What you need to do →
Some of the lines below need repeating. Reproduce exactly those between the lines holding "Octopus Small Tattoo, Octopuses" and "Canton, Michigan 1860", inclusive.

Data under study →
■ ■ ■

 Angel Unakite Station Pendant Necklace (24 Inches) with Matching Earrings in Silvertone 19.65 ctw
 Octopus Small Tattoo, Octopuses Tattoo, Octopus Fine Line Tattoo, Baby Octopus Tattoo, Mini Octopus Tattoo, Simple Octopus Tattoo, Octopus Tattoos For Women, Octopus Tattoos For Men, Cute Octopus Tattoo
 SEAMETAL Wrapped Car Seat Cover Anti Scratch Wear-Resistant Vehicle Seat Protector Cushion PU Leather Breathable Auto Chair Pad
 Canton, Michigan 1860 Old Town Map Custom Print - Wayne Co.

■ ■ ■

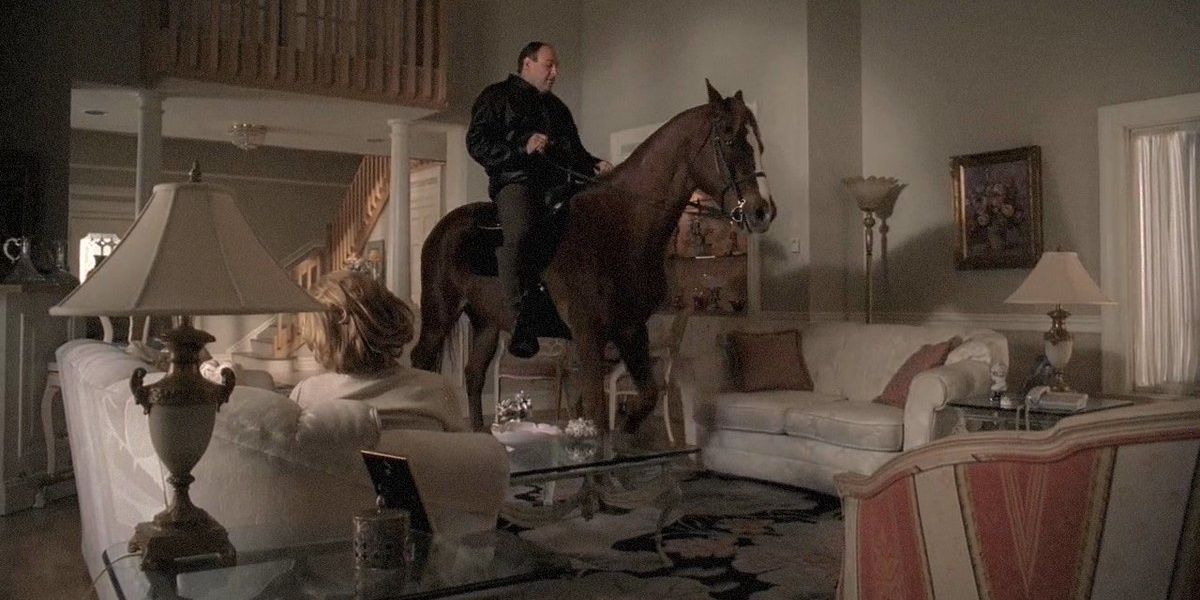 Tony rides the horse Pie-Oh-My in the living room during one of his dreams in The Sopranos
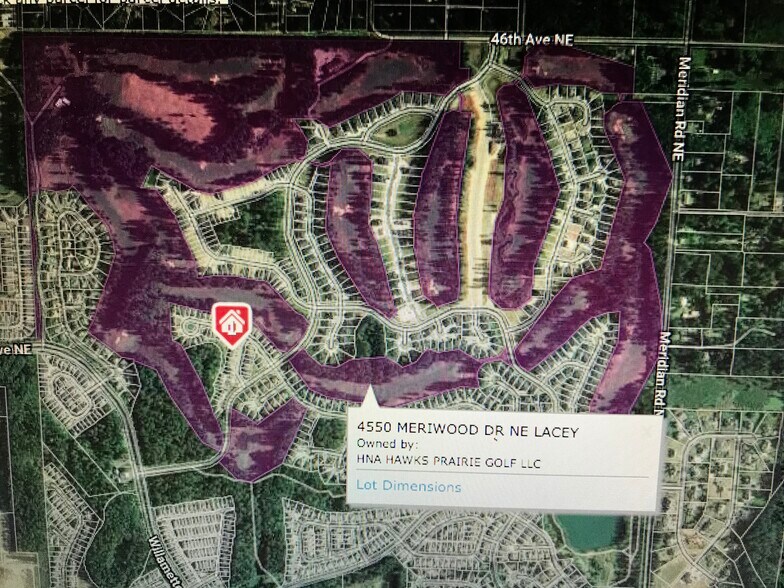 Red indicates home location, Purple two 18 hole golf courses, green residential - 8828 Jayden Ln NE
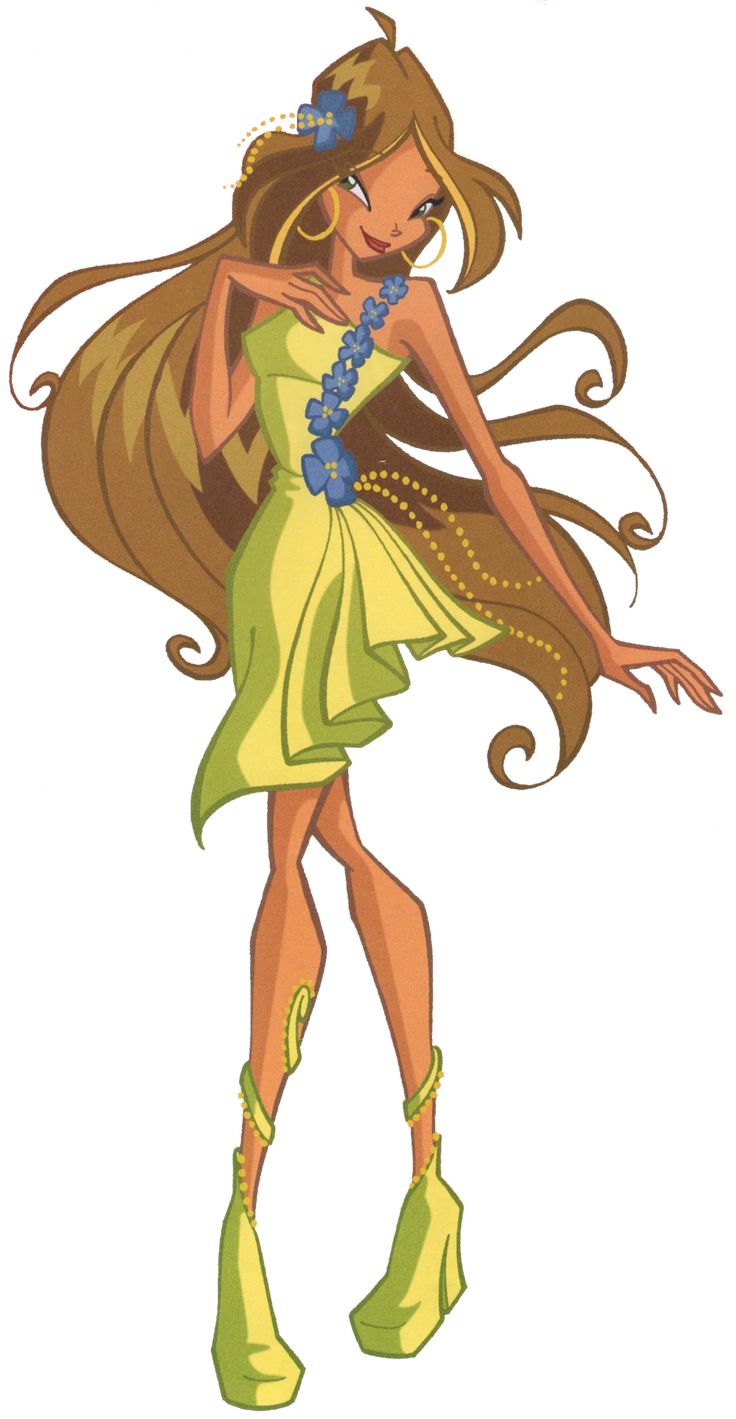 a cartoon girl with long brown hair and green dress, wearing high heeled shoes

■ ■ ■

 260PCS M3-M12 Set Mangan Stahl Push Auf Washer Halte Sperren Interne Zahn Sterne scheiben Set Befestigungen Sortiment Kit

■ ■ ■

Task output →
 Octopus Small Tattoo, Octopuses Tattoo, Octopus Fine Line Tattoo, Baby Octopus Tattoo, Mini Octopus Tattoo, Simple Octopus Tattoo, Octopus Tattoos For Women, Octopus Tattoos For Men, Cute Octopus Tattoo
 SEAMETAL Wrapped Car Seat Cover Anti Scratch Wear-Resistant Vehicle Seat Protector Cushion PU Leather Breathable Auto Chair Pad
 Canton, Michigan 1860 Old Town Map Custom Print - Wayne Co.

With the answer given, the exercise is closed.